Cut your pillowcase seams apart along the side and the top.  Determine how long you want your finished dress to be and add 1" extra for the casing.  Cut away the excess.  Lay your pillowcases right sides together and stitch up each side seam.


Your pillow cases are probably wider than the blouse.  Run two rows of basting along the top edge of the pillowcases.  One at 1" and the other at 1/4".  Gather up the basting until it is the same width as the blouse.


Place the gathered pillowcases and blouse, right sides together, and stitch along the 1" basting line.


Trim away the excess blouse material from the casing to eliminate any unnecessary bulk.


Fold the gathered seam upwards towards the blouse and stitch in place along the 1/4" basting line.  Be sure to leave an opening for the elastic to thread through.


Thread your elastic through.  Adjust to the right size.  Cut and secure the elastic.  Stitch the opening closed.



At this point, your dress is done.  I wanted to make the neckline more modest so I ruffled the extra blouse fabric and stitched it to each side of the neckline.


I also wanted a matching belt.  Sorry, no photos (it was an afterthought!)  I used two layers of heavyweight iron-on interfacing to give it shape.  It is secured with velcro.  The flower was made by ripping 1 1/2" strips of fabric, gathering them down the middle, then sewing them in a circular pattern onto a circular base of fabric.  (I strengthened the base with two layers of interfacing also.)  I started sewing around the outside edge and worked my way to the middle, keeping the rows very close together.  I topped it off with vintage earring hot-glued to the middle.




Good Luck!





Tuesday, May 24, 2011

Blue T-Shirt Dress

This blue dress was so simple on account of the working button detail on the shoulder.  This allowed me to make the neckline smaller with pleats and still be able to get the dress on and off by just unbuttoning one shoulder seam.

Supplies Needed:

Woman's t-shirt
scissors
tape measure
pins, needle and thread
sewing machine
child's dress, t-shirt, or pattern to be used as a guide
decorative button (optional)

Begin with a t-shirt that has buttons already at the shoulder.  If you don't have a t-shirt with this detail, you can still make the dress, but you will need to follow the back neckline detail of the pink dress in order to get the dress on and off.
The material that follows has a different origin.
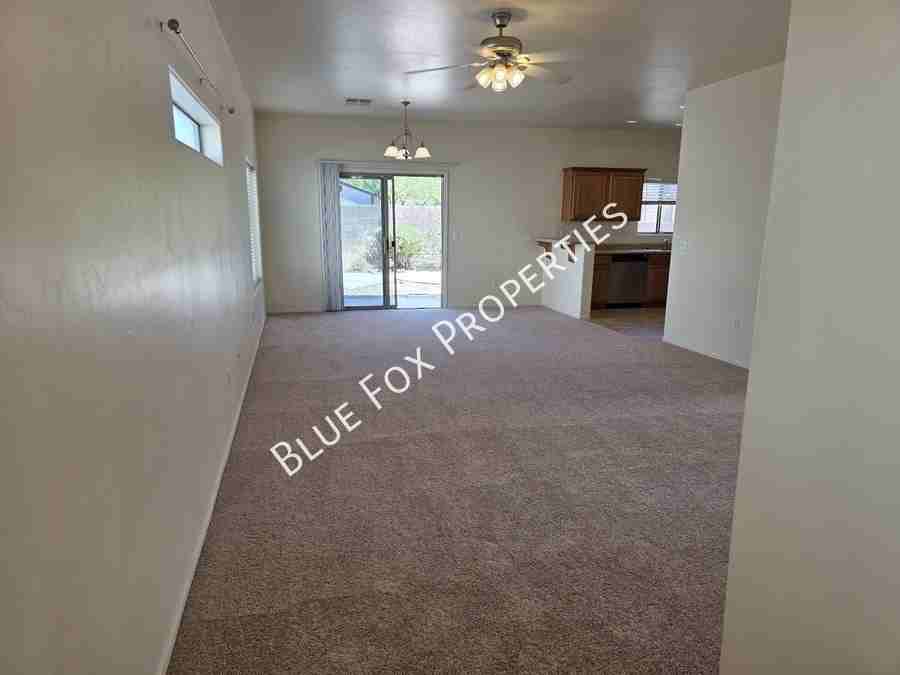 3508 W Lost Village Ln - Photo 7 of 42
Before I began, I decided I liked the overcast stitch detail on the t-shirt and I wanted to incorporate it into the design.  I cut off about 3" from the bottom of the t-shirt and the sleeves to be used later for a ruffle.


Cut away the sleeves, allowing enough excess fabric to be able to turn it under and topstitch.  I did this so that I could take advantage of the overcast stitch detail.


Figure how big you want the armhole openings to be (you might look at an existing t-shirt, dress, or child's pattern to get an idea.)  Cut the sides of the t-shirt starting at the armholes and continuing to the bottom edge of the t-shirt so that your overall width is the size you want.  Be sure to allow for a seam allowance.  I also needed to cut a bit off the length and did so at this point.

  

It's time to start construction.  I placed a pin at the center of the front neckline.  Then I placed three more pins to each side of the center pin at 1" intervals.  Repeat on the back neckline.


Starting with the pin to the right of the center, fold the neckline at the pin and bring the fold to the center.  Pin in place.



   Make a fold at the furthest pin and bring it toward the center to the next nearest pin.  Pin in place.


Repeat on the left side.


You should now have four pleats pinned in place.  Repeat the same process on the back neckline.  Stitch in place.


Turn the dress right sides together and stitch the side seams.


Serge or finish the edges of the armhole openings.


Fold the excess fabric to the back of the armhole opening and topstitch in place.


Stitch the ruffle pieces together (the pieces you cut from the bottom edge of the t-shirt and the bottom of the sleeves.)


Gather the ruffle, pin to the bottom edge of the dress and stitch in place.


And that's all there is to it!  Oh, except for a little button detail in the front, if you desire!